| Your objective |
When you reach the line that contains "法拉利 法拉利296 GTB", begin copying exactly and continue through the last line below. Do not copy pictures.

************

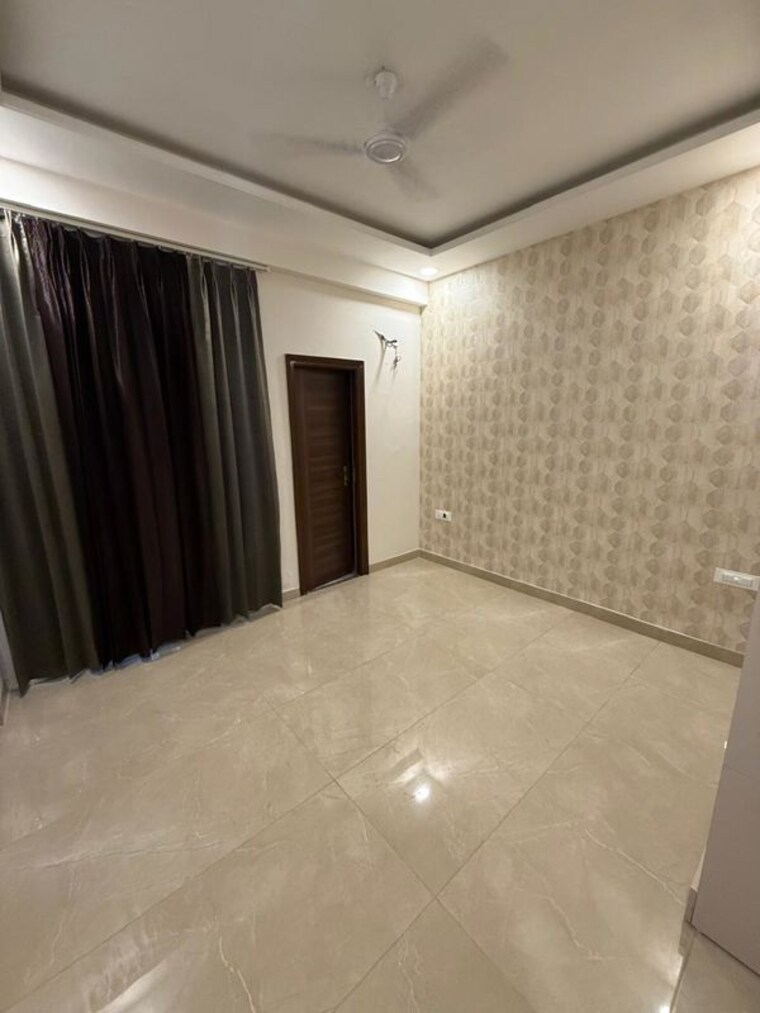 Room, hlp-palmillas 3 Bedroom 1450 Sq.Ft. Apartment In Vip Road Zirakpur 10777462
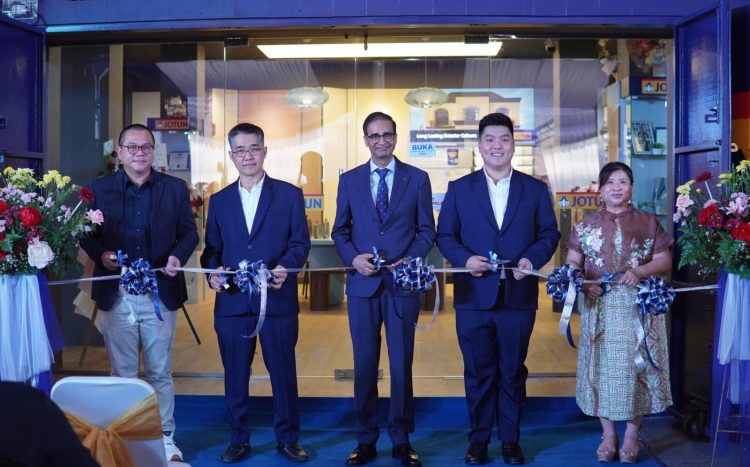 Flagship Store Pertama di Palembang Dorong Tren Personalisasi Warna Hunian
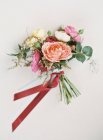 Bellissimo bouquet legato con nastro rosso — Foto stock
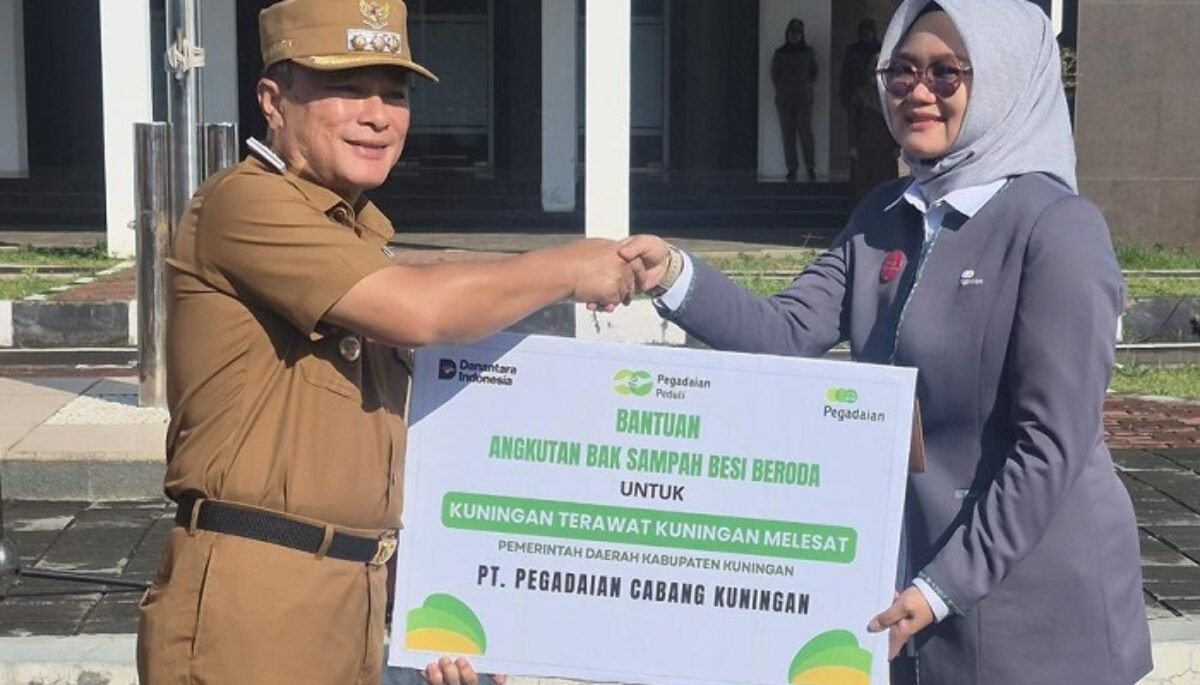 PT Pegadaian Kantor Wilayah X Jawa Barat menyerahkan 12 unit angkutan bak sampah besi beroda kepada Pemkab Kuningan.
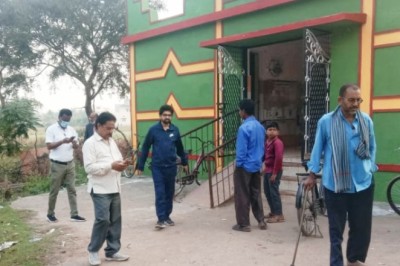 सुबह 7 बजे आयुक्त ने किया दो सामुदायिक शौचालय का निरीक्षण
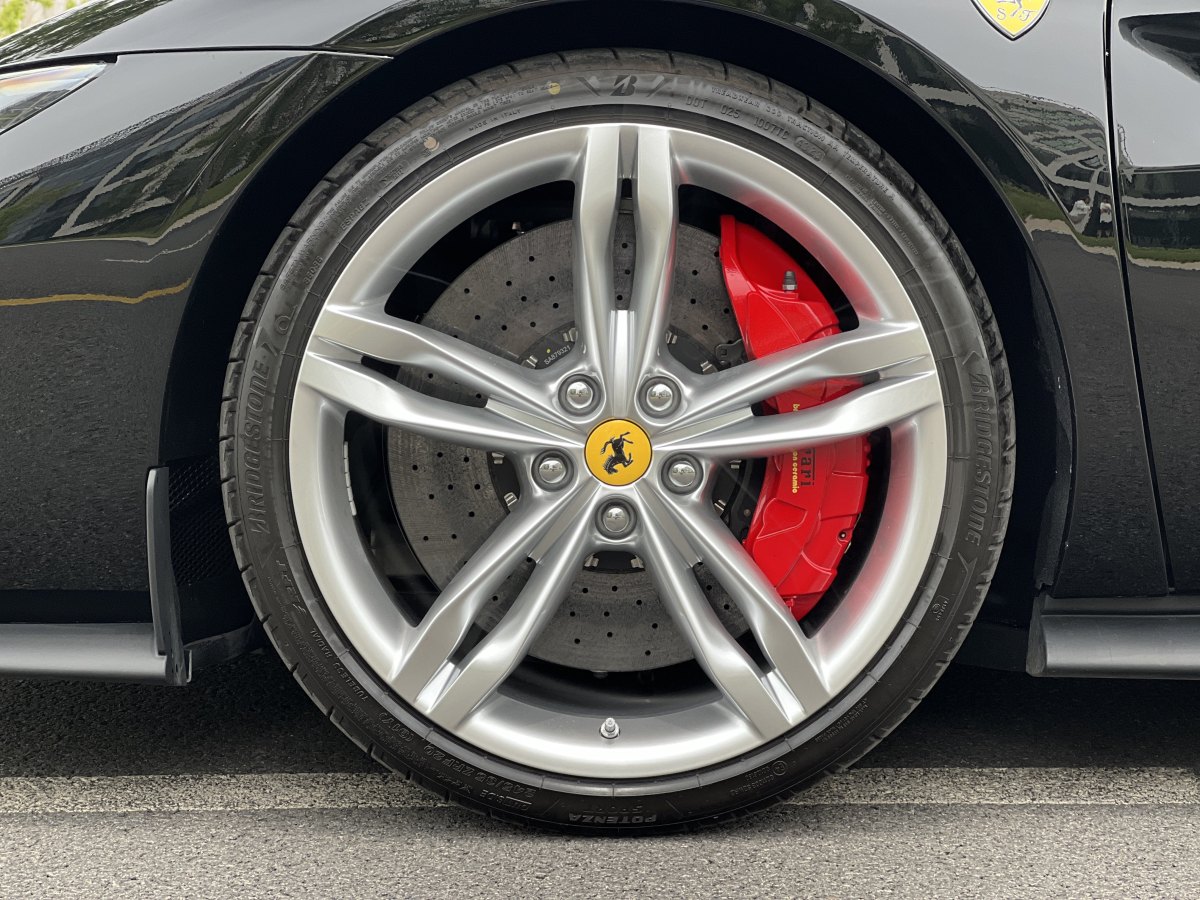 法拉利 法拉利296 GTB  2022款 3.0T V6 GTS圖片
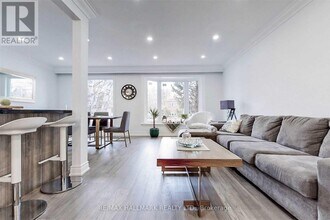 214 Altamira Rd in Richmond Hill, ON - Building Photo - Building Photo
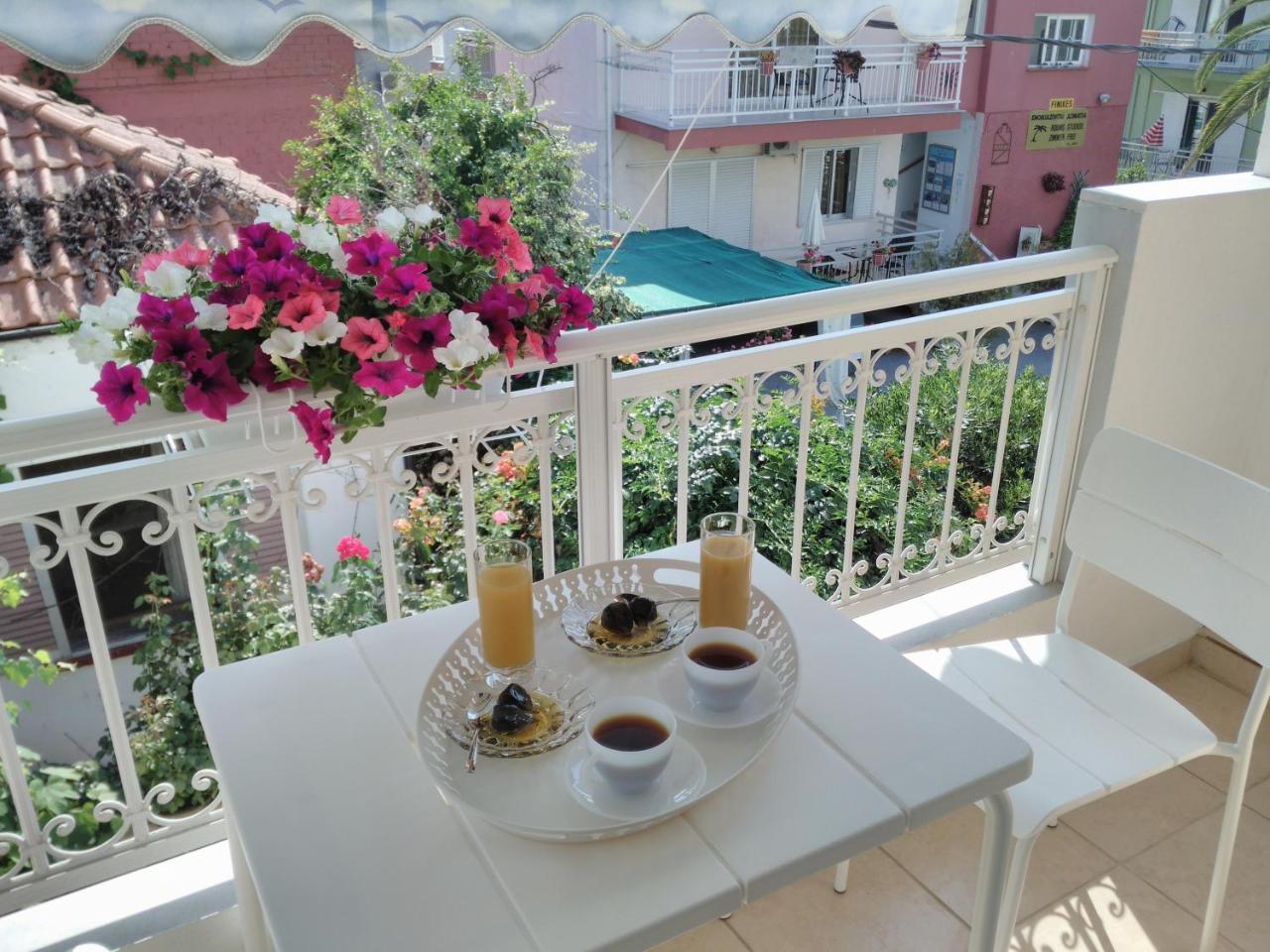 לימנאס Stratis Summertime Apartment מראה חיצוני תמונה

************

| Reply to the task |
 法拉利 法拉利296 GTB  2022款 3.0T V6 GTS圖片
 214 Altamira Rd in Richmond Hill, ON - Building Photo - Building Photo
 לימנאס Stratis Summertime Apartment מראה חיצוני תמונה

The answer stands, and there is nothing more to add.